New Orleans parece o lugar certo para encenar a trama, porque o fundo musical é sempre alguma coisa do tipo “piano-blues”, ou uma polca, ou um trompete “sensual”. Obviamente a gente perde esta parte quando lê em livro, e eu gostaria muito de ver uma montagem disso com uma trilha sonora adequada (embora não seja em qualquer lugar que se encontrem atores à altura destes personagens tão complicados).
A história toda acontece num apartamento de um quarto, do subúrbio de New Orleans. Ali vivem Stanley e sua esposa Stella, que recebem a visita de Blanche, irmã de Stella. As dificuldades de convivência já seriam normais num espaço tão pequeno, mas a coisa complica bastante pelas características dos dois personagens principais. Stanley é um homem rude e violento, muito franco e direto, enquanto Blanche é dissimulada, e, apesar de totalmente arruinada, insiste em tentar manter a pose aristocrática que supostamente teve sua família. Dizer mais do que isso é estragar a história, muito boa e muito trágica. Tudo se desenvolve em 11 cenas, mas a coisa toda se precipita mesmo nas duas cenas finais. Talvez esteja aí a grandeza toda da peça, esse timing que o autor conduz magistralmente, e também pelo fato de que coisas muito importantes da trama não ficam evidentes, a gente tem que ficar supondo nas entrelinhas.
Mesmo eu não conhecendo o texto em inglês e não podendo dizer com propriedade nada sobre a tradução, tenderia a achar que Beatriz Viegas-Faria foi a tradutora ideal. O texto realmente funciona muito bem em português, e suspeito que isso ocorra em grande parte por que a tradutora se especializou em traduzir subentendidos nos textos de Shakespeare, assunto sobre o qual fez seu mestrado e seu doutorado. Na capa da edição, que ilustra este texto, o ator que se consagrou no papel, tanto na Broadway quanto em Hollywood – Marlon Brando, que começaria ali uma carreira fabulosa de ator desenvolvida por mais de 50 anos.
Quem dirigiu a versão cinematográfica (1951) foi o mesmo Elia Kazan que havia estreado a peça no teatro em 1947, e o roteiro foi a adaptação do próprio Tennessee Williams. O nome da peça é baseado no nome do bonde que é preciso tomar para se chegar à casa de Stanley e Stella no subúrbio. É uma óbvia ironia com toda a carga de sensualidade brutal e proibida que a peça explora. A tradução literal do nome é a mais conhecida em português, mas o filme saiu aqui com o título Uma rua chamada pecado.
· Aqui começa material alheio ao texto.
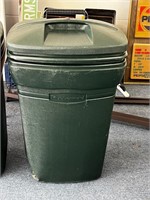 Rubbermaid garbage can w planter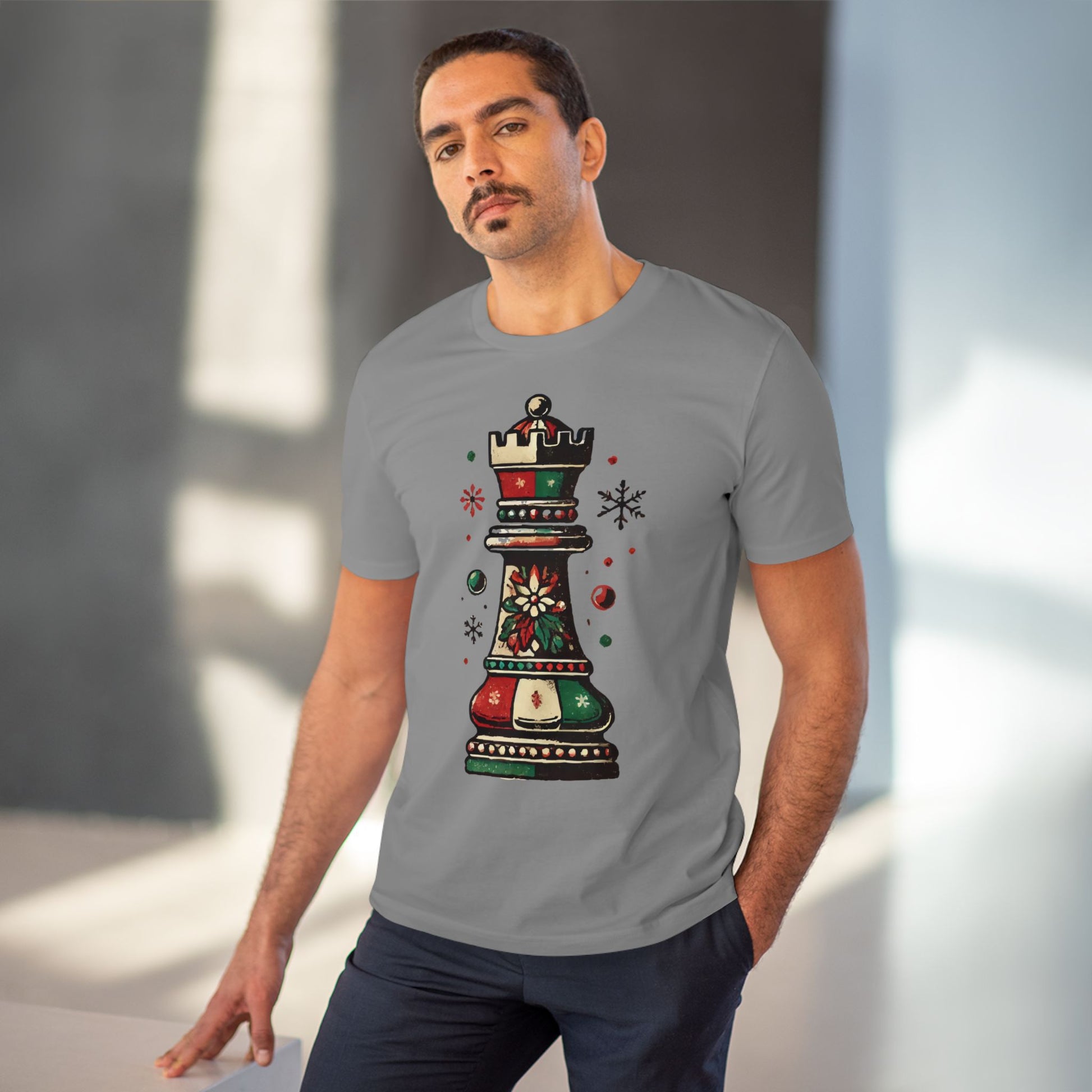 Camiseta Unisex Orgánica Torre de Ajedrez Vintage Navideña - Edición Festiva   T-Shirt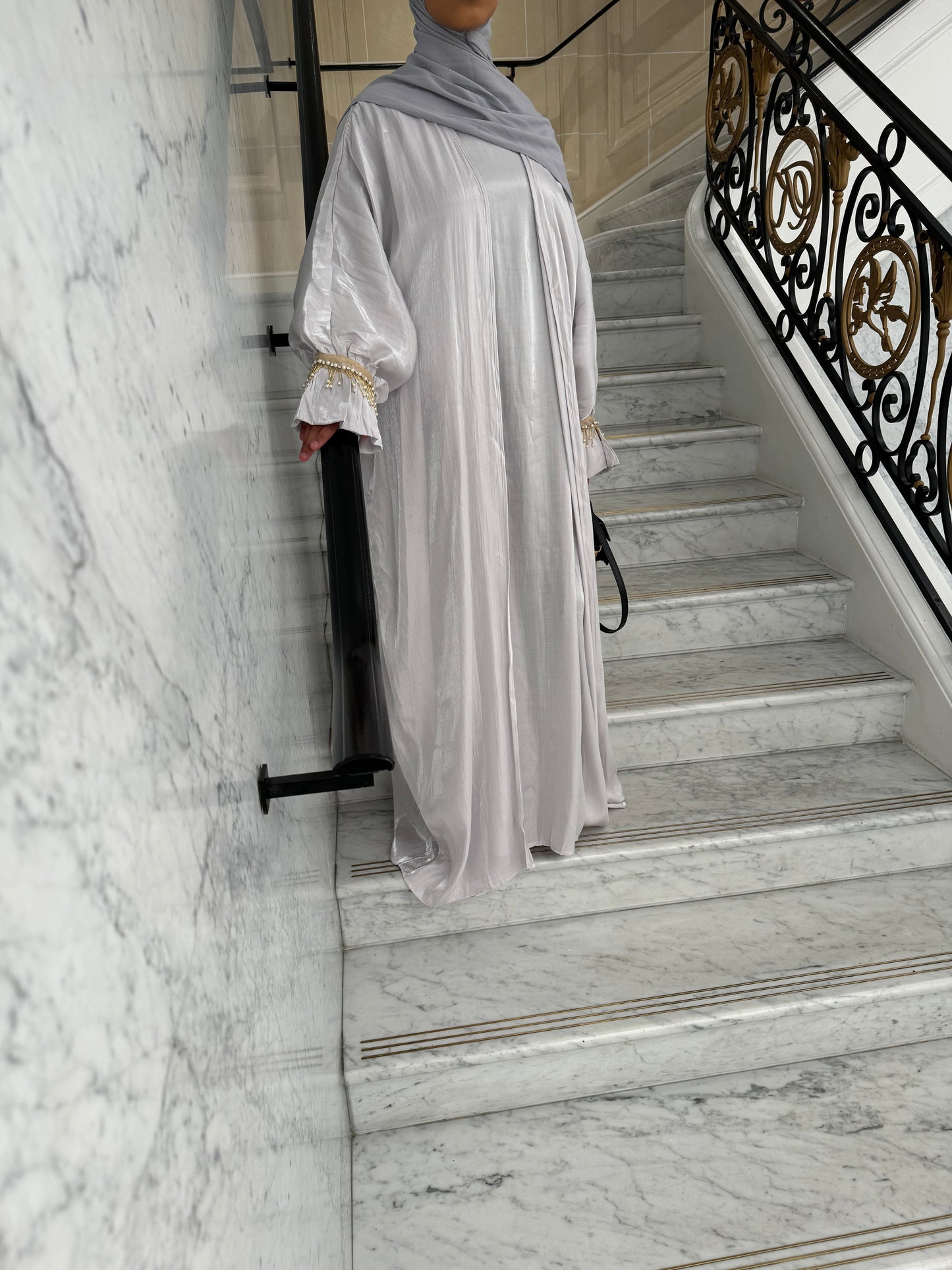 Abaya Amira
Tem um ótimo trailer que mostra um pouco da força de Marlon Brando no papel. É interessante pensar que no livro o destaque maior é para o personagem mais complexo da trama: Blanche DuBois, sexualmente pervertida e mentalmente confusa, além de financeiramente desesperada. Mas no cinema parece que Brando deu mais força a Stanley, explorando toda a mística do sex symbol masculino numa sociedade puritana (especialmente em relação ao desejo feminino).
Eu tinha comprado o livro e começado a ler ano passado, dentro daqueles programas existenciais de tentar ler um pouco dos clássicos antes de morrer. Inexplicavelmente eu tinha interrompido a leitura, e acabei lendo tudo de novo agora, principalmente por causa da paráfrase feita pelo Woody Allen em Bue Jasmine. Pelo trailer me parece que Allen resgata o protagonismo da mulher rica arruinada e confusa, que tinha ficado ofuscado pela atuação de Brando nas versões dramatúrgica e cinematográfica originais.
Eu tinha que ler o livro antes de ver o filme, o que farei nos próximos dias. E o negócio é que dava pra ler em uma tarde de domingo. Vale muito a pena.